Renee YeagerはYeagerの共同創業者兼CEO。革新的なテクノロジー企業が差別化を図り、成長を加速させることを支援するB2Bエージェンシーを率いる。
筆者は成長期にあるB2Bテクノロジー企業と長年仕事をしてきたが、経営陣が「マーケティングをスケールさせる時だ」と判断するたびに、ほぼ必ず目にするパターンが1つある。予算を薄く広く配分してしまうことだ。
それは判断ミスの結果であることはまれである。多くの場合、成長に伴う自然なプレッシャーがそうさせる。期待は高まり、注目度も増す。マーケティングには、以前よりはるかに多くのことが突然求められる。経営陣は勢いを欲し、そうした野心が最初に表れやすいのがマーケティングだ。リードの増加、ブランド認知の向上、コンテンツの増量、チャネルの拡大、そして営業支援の強化。
意図は前進である。しかし、結果はしばしば希薄化になる。
企業が成長するにつれてマーケティング予算はたいてい増えるが、焦点と戦略がそれと同時に研ぎ澄まされるとは限らない。より明確な選択をする代わりに、チームはカバー範囲を広げようとする。新たなキャンペーンを立ち上げる一方で、ウェブサイトの刷新も始まる。有料メディア、イベント、営業支援の取り組みと並行して、コンテンツ制作も加速する。すべてが重要に見えるため、すべてが前に進む。
外から見れば加速しているように映るかもしれない。だが組織の内側では、手応えのない動きになりがちである。活動量は増えるが、成果は安定しない。マーケティングチームは何が実際に機能しているのか説明しづらくなる。営業チームは懐疑的になり、経営陣は「マーケティングが成長に意味のある形で寄与している証拠」を求め始める。
これは人材の問題ではない。焦点の問題であり、それはすぐに表面化する。
「やることを増やす」ほど静かに信頼が損なわれる
見落とされがちなのは、やり過ぎのコストが非効率にとどまらないという点である。損なわれるのは信頼性だ。
マーケティング施策が散漫になると、成果の解釈が難しくなる。勝ち筋は小さく、片づけられやすい。チームはインパクトを示すよりも、活動の説明に多くの時間を費やす。時間がたつにつれ、マーケティングへの信頼は静かに目減りしていく。
成長期の企業にとって、その目減りは致命的になり得る。この段階では、マーケティングも事業と歩調を合わせて成熟することが期待される。そうならなければ忍耐は薄れ、組織再編、資金配分、あるいはリーダー交代といった話が始まりがちである。
筆者が関わってきた成長期のチームで最も効果的だったのは、異なるアプローチを取るチームだ。
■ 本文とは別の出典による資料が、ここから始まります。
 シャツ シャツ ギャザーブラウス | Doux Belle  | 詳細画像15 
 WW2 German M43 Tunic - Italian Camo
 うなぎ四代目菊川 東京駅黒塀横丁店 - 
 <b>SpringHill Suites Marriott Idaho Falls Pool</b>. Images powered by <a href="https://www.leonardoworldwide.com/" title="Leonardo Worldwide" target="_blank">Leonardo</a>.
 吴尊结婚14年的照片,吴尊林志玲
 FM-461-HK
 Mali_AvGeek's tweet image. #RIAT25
あらゆる方向に拡張するのではなく、焦点を絞る。いま最も重要な事業目標を明確にし、それに向けてマーケティングを断固として整列させる。メッセージ、チャネル、投資水準、測定はすべて、その優先事項を支える。他のアイデアを永遠に捨てるのではない。意図的に優先順位を付けるのである。
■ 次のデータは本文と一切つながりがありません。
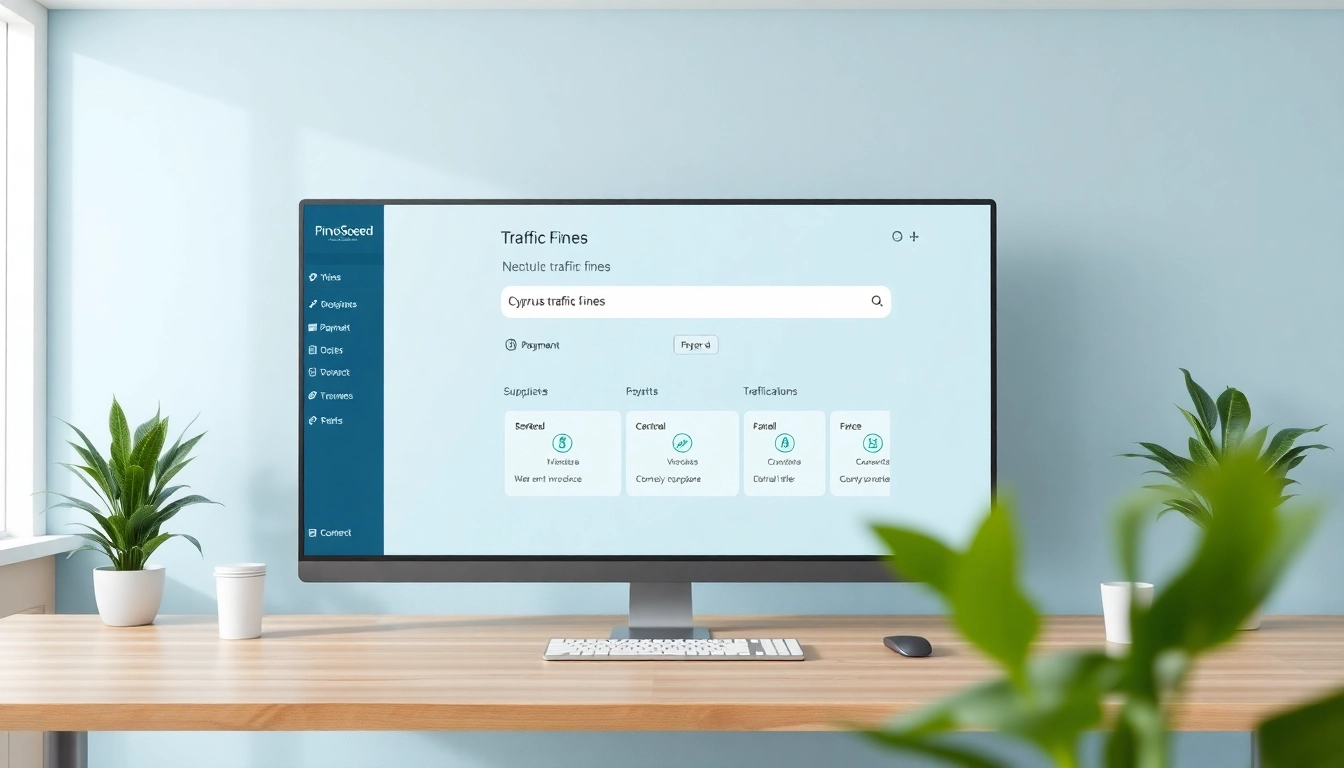 Streamline Your Cyprus Traffic Fine Payments with https://finecheck.cy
こうした抑制は、変化の速い組織では居心地の悪いものに感じられるかもしれない。だが、勢いを生むのは往々にして抑制である。
マーケティングチームが取り組みを集中させると、前進は見えやすくなる。試す場所が少なくなるため、メッセージは研ぎ澄まされる。学習は速くなる。成果が明確で説明しやすくなるため、信頼が積み上がる。意思決定は、勘ではなくエビデンスに根差すことで質が上がる。
勢いはレバレッジを生む。そして一度それが生まれれば、スケールははるかに効果的になる。なぜならそれは、実体のあるものの上に築かれるからだ。
拡張よりも「集中」のほうが速くスケールする理由
集中したマーケティングは、最初から見栄えがするとは限らない。特に、成長を「可視性」や「量」と結び付けがちな組織では、経営陣の期待より静かに映ることがある。
しかし実際には、集中は「コミットメント」として現れる。一貫性をもって単一の物語を通す。別のものを足す前に、1つの成長の型を規律をもって実行する。正しいアイデアが機能する余地をつくるために、良いアイデアであっても一度引っ込める。
このアプローチは当初、遅く感じられるかもしれない。だがそうではない。摩擦を取り除くため、より速く動く。
多くの成長期企業にとって最も難しい変化は、広く浅い網羅から、絞り込んだ確信へと移行することだ。マーケティングをスケールさせるとは、あらゆる場所でメッセージを発信することではない。最も重要な場所で、効果的なメッセージを発信することである。
経営陣が問うべき最も有用な問いは、「予算でいくつの施策を支えられるか」ではない。組織として、どの程度の集中にコミットできるのか、である。マーケティングにリソースだけでなく明確さを与えれば、ようやく本来果たすべき役割を担える。そうしてマーケティングは事業とともに効果的にスケールする。明確さが先導すれば、成長が後に続く。